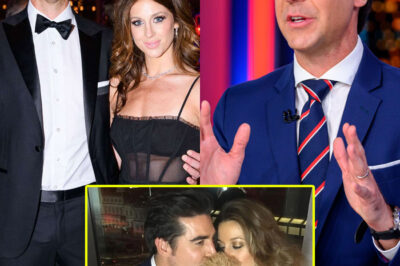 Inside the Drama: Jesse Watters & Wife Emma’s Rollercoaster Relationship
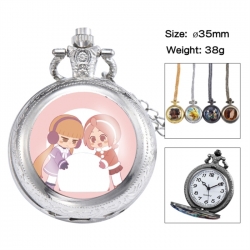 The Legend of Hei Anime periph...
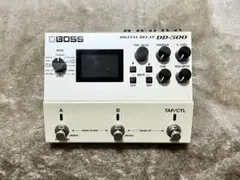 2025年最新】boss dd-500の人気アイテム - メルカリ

What the task asks: Write out the data above exactly, minus any images.

Reply:
 Inside the Drama: Jesse Watters & Wife Emma’s Rollercoaster Relationship
 The Legend of Hei Anime periph...
 2025年最新】boss dd-500の人気アイテム - メルカリ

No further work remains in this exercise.